→ SOURCE DATA:
───

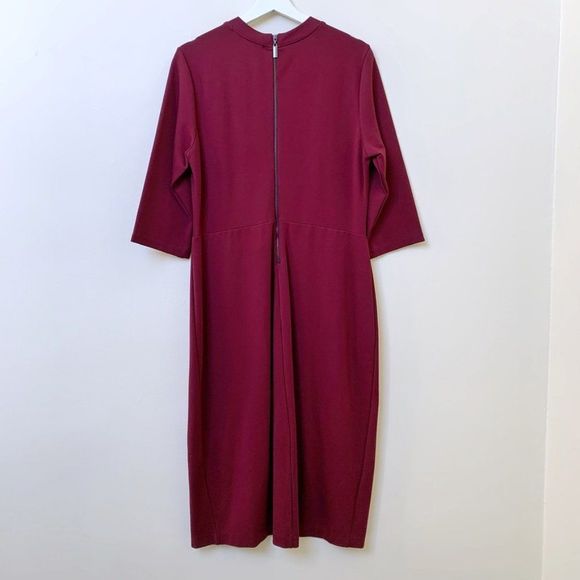 Willow & Thread Dress - Picture 4 of 8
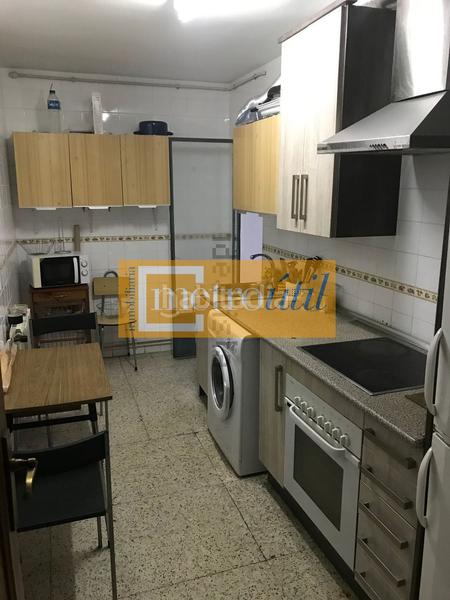 Foto b63e1ea8-cc97-455d-aa16-9ca51694dd4b. Appartamento con riscaldamento in Salesas Salamanca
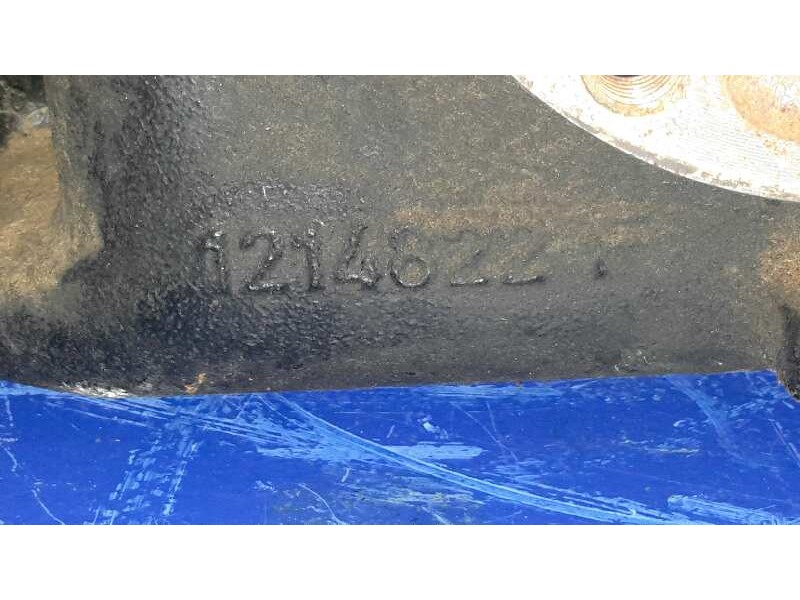 Recambio de diferencial trasero para bmw serie 3 berlina (e46) 2.0 16v diesel cat referencia OEM IAM 1428796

───

→ WHAT THE EXERCISE ASKS: Any picture in the material is to be left out, and everything else is to be retyped as is.

→ SOLUTION TO THIS PROBLEM:
 Willow & Thread Dress - Picture 4 of 8
 Foto b63e1ea8-cc97-455d-aa16-9ca51694dd4b. Appartamento con riscaldamento in Salesas Salamanca
 Recambio de diferencial trasero para bmw serie 3 berlina (e46) 2.0 16v diesel cat referencia OEM IAM 1428796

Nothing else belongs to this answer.